Like a Monkey in the forest seeking the sweet and juicy meat that bears success.
I decided to stop and ask one of my urban oracles.
The late night guardian of Americas captive pornos, cancer sticks and freedom spirits.
The overnight Circle K attendant.
Do not underestimate the vast assortment of forbidden knowledge that they harbor deep within their night owl smutbases.
"The eye of K is upon you"]

Parking the Mukmobile, Xela waited outside to have a smoke, I went forth seeking the answers to my questionable questions.
"Hookers?" I asked him "I need to know where and quickly", glancing at my watch.
He looked up at me with the look of a man who has been beaten by society, pushing his glasses closer to his forehead.
"Hookers?" he asked, ""I know me some hookers, In between 27th ave and 32 avenue off of Indian School and Camelback..yesss...my precious...hookers...."
Then he started to ramble and as he did so, spit flecked forth from his unshaven mouth landing on the counter and powerball slips.
I realized I had opened pandoras box because this guy was a lonely man and obviously needed a friend to talk to.( and some breath mints)
My good deed done earlier in the week after donating $2 to some child abuse , I quickly backed away and cut him short by thanking him for his information and walked out the sliding doors.

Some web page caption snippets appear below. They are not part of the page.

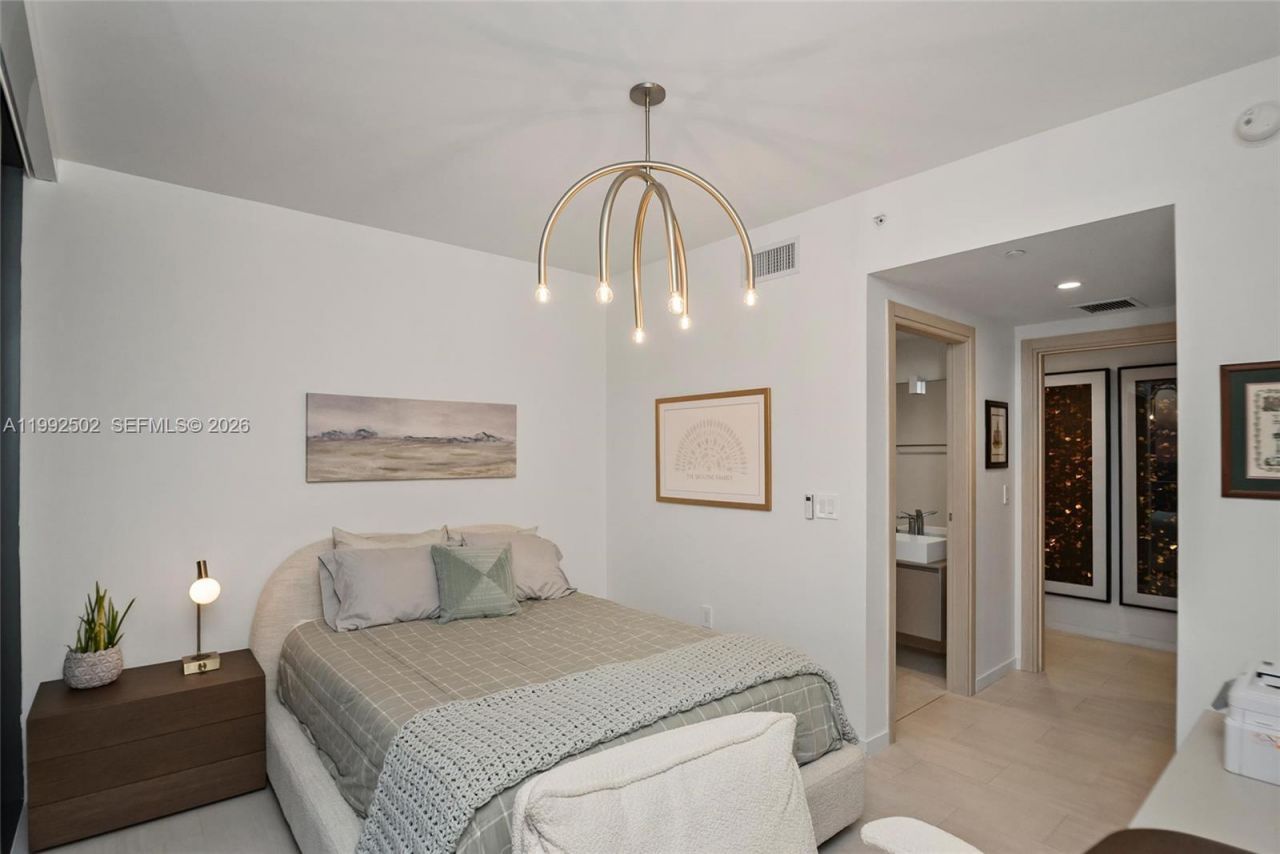 1000 Brickell Plz , Unit 3702, Miami, FL 33131 Photo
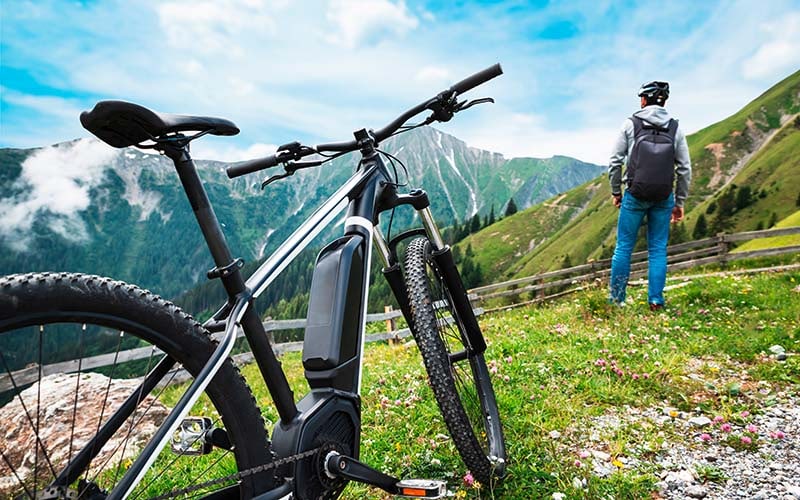 Man Enjoying View After Finishing Uphill Mountain Track City e-Bike: Wie treffe ich die richtige Wahl? 3
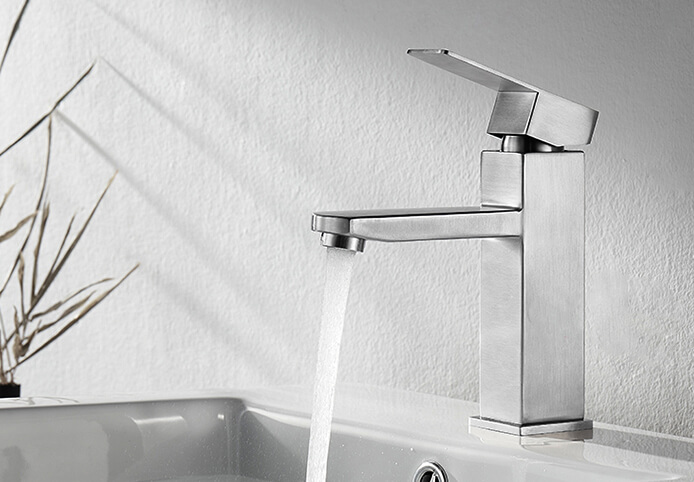 Vòi lavabo nóng lạnh model RM03
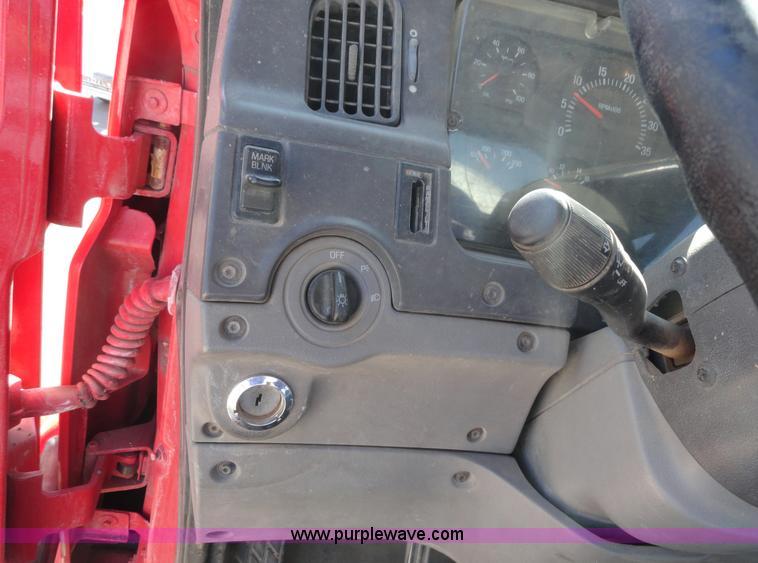 image for item A3255 1999 Sterling L8513 cement mixer truck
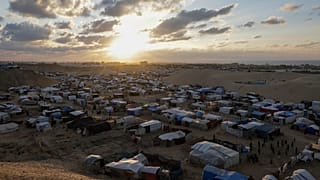 مخيم المواصي للنازحين الفلسطينيين في خان يونس وسط قطاع غزة، السبت 18 يناير/كانون الثاني 2025
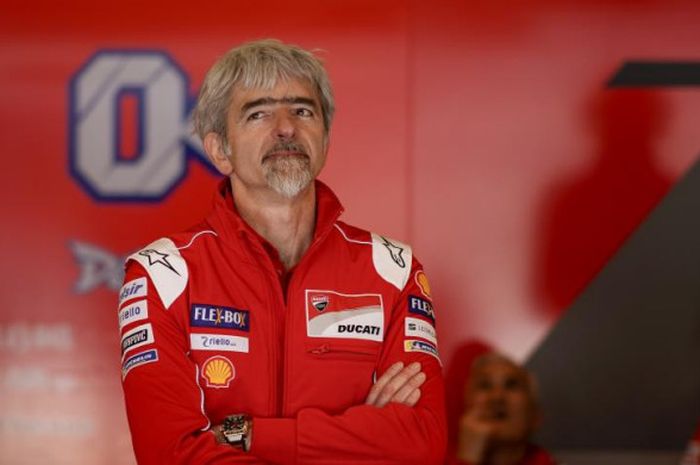 General Manager Ducati Corse, Luigi Dall'Igna, terlihat berada di dalam garasi salah satu pebalapnya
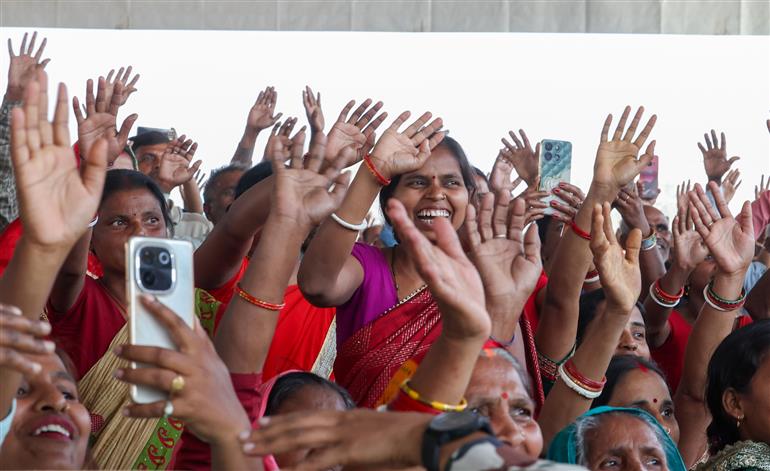 PM receives warm welcome by enthusiastic crowd to attend the ‘Kisan Samman Samaroh’ held at Bhagalpur, in Bihar on February 24, 2025.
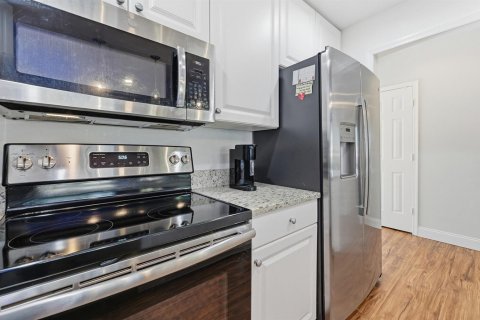 Touwnhouse à vendre à Port St. Lucie, Floride: 2 chambres, 158.21 m2 № 2084929 - photo 12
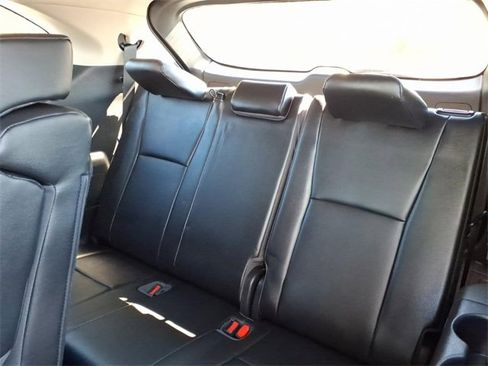 Used 2023 Toyota Highlander XLE image 8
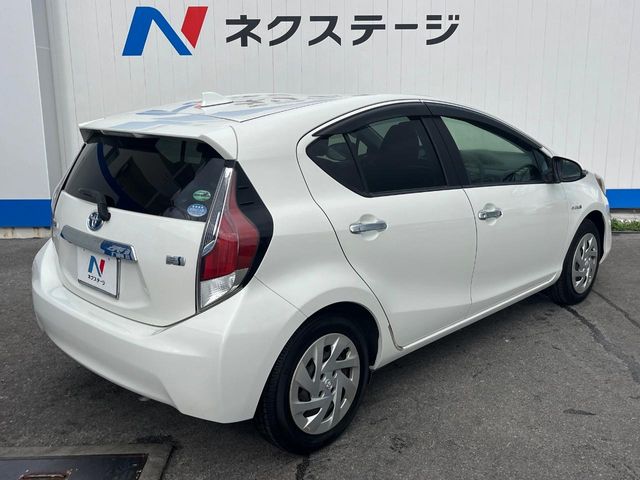 トヨタ アクア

"Jesus!" Xela whined "What took you so long?"
"I could, answer the question that you have presented me with but... "and I got into the Mulkmobile.

"But what?" Xela asked, extinguishing the ass of his cigarette on the ground by smashing it with the toe of his K-swiss sneakers.

"But then" I said as Xela got in the car and I turned to look him "but then I would have to kick your hippy ass!"

"chhhh, ya right , I'd shoot you" He responded.
"Shut your face hippy, we've got some hookers to solicit".

So we drove out to Bum Flexing Egypt and In th cover of Yellow light and Long streches of darkness we found one hooker who looked like a crackhead and was in some sketchy parking lot that was pitch black.
Needless to say, I already had one crackhead in my car and I didn't need another one.
So I aborted the mission.
Then I got hungry so on the way home I stopped by Dennys and had me some country fried steak mmmmmm.

Another busted Night....busted.
It just wasn't mean to be.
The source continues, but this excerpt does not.